Dataset items:
..........

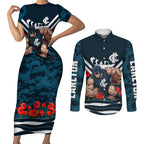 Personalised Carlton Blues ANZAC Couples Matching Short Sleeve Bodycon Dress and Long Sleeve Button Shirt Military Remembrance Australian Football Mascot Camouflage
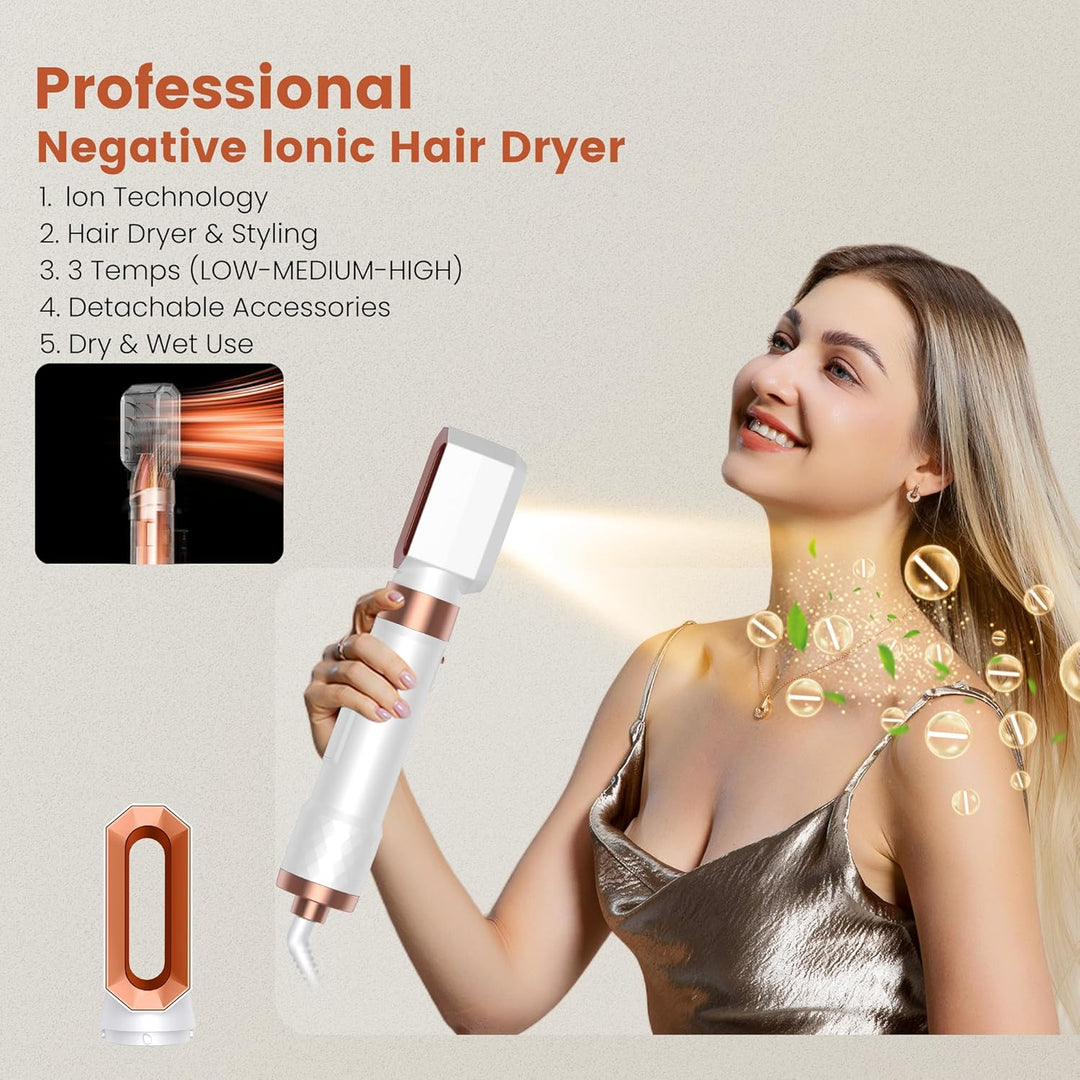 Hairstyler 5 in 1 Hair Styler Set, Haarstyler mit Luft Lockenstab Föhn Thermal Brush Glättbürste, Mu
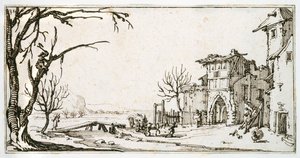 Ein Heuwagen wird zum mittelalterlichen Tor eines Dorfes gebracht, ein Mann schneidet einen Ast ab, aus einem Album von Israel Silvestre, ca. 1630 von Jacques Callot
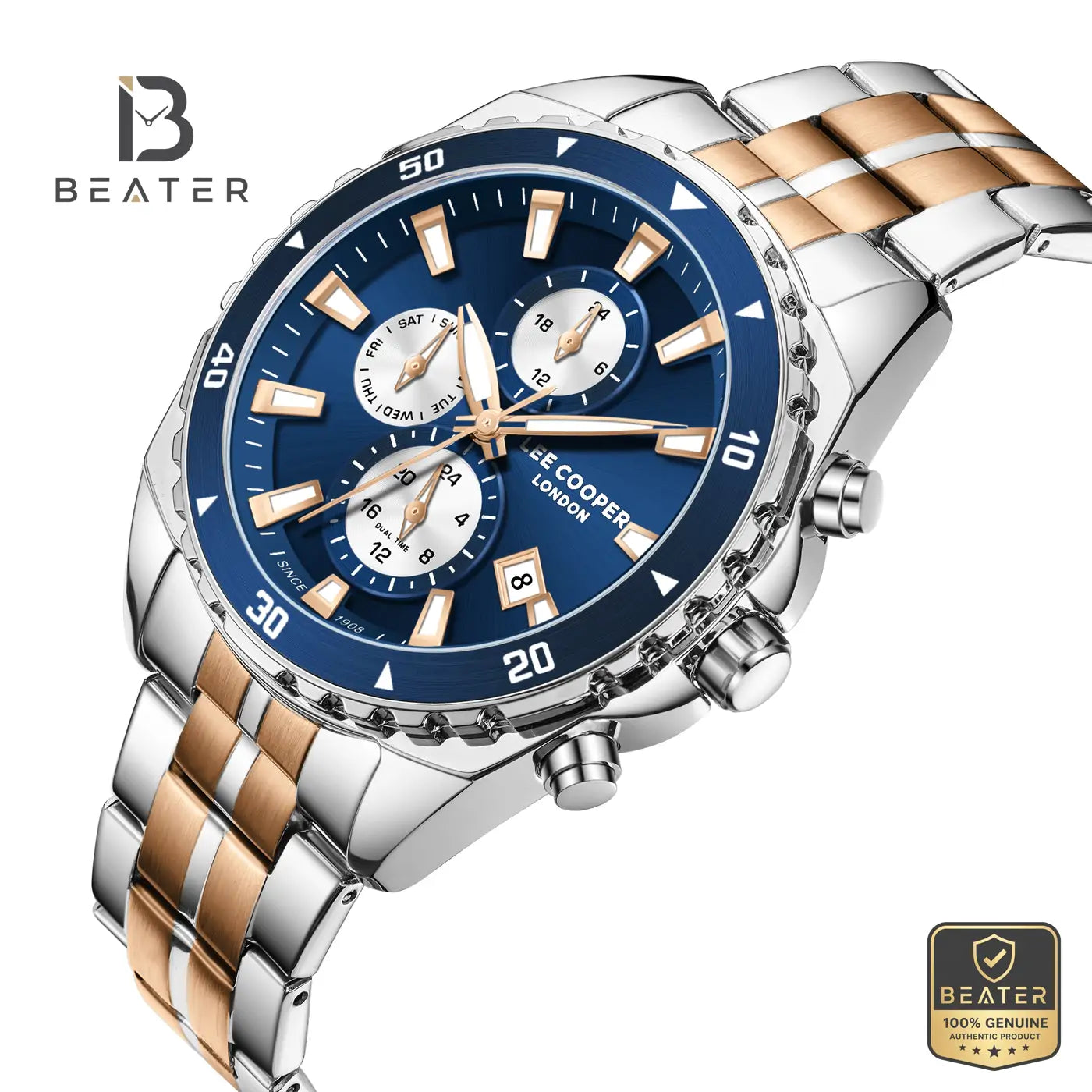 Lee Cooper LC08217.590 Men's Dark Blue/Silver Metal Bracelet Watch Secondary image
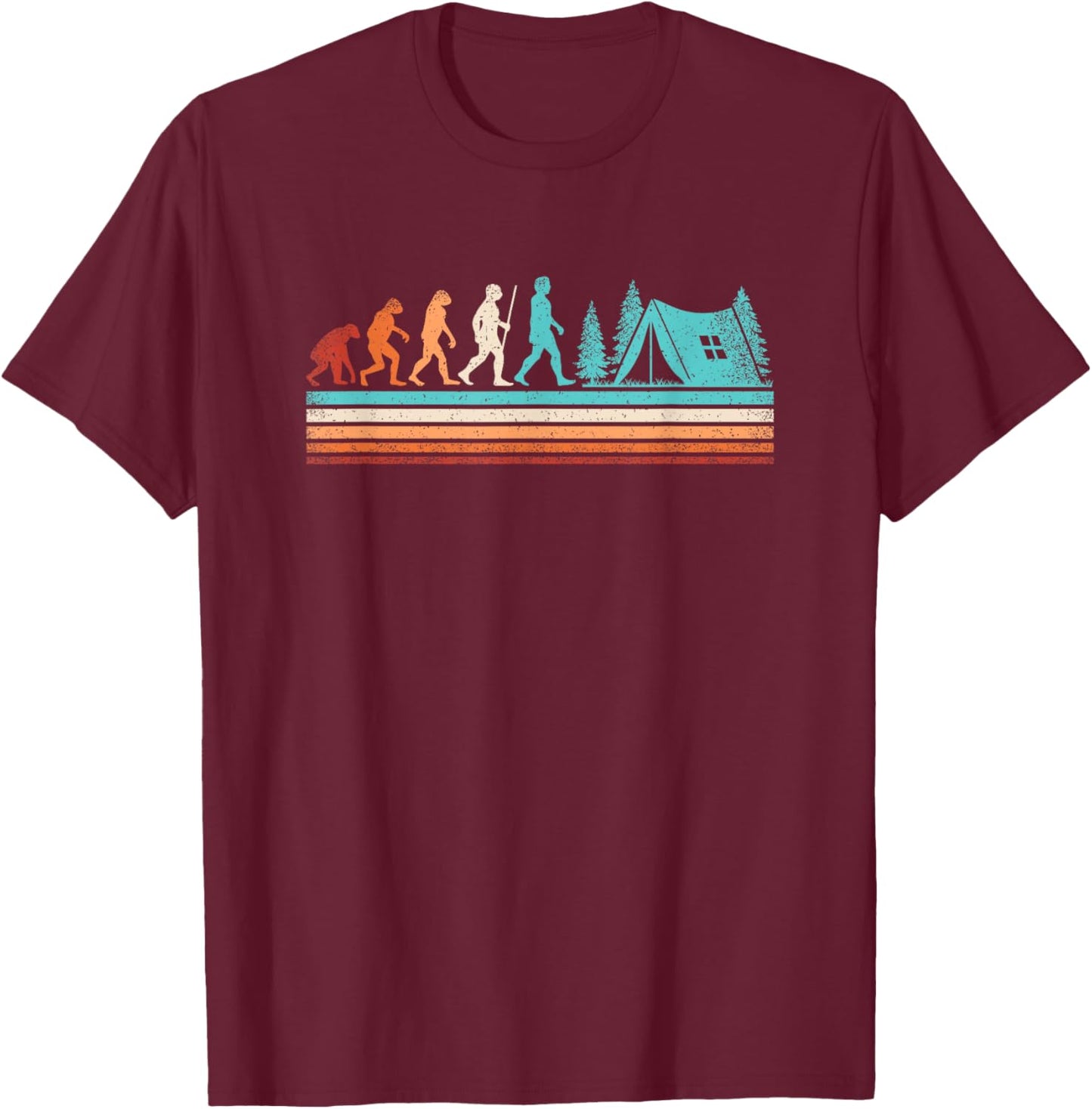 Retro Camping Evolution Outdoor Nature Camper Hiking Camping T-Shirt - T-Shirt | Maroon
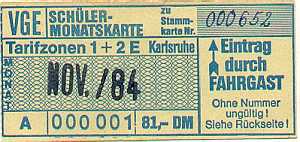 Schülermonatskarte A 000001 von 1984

..........

• [TASK INSTRUCTIONS]:
In the answer, the lines from the one containing "Retro Camping Evolution" to the end of the records above must be written out exactly, both ends included; the pictures must not appear.

• [YOUR SOLUTION]:
 Retro Camping Evolution Outdoor Nature Camper Hiking Camping T-Shirt - T-Shirt | Maroon
 Schülermonatskarte A 000001 von 1984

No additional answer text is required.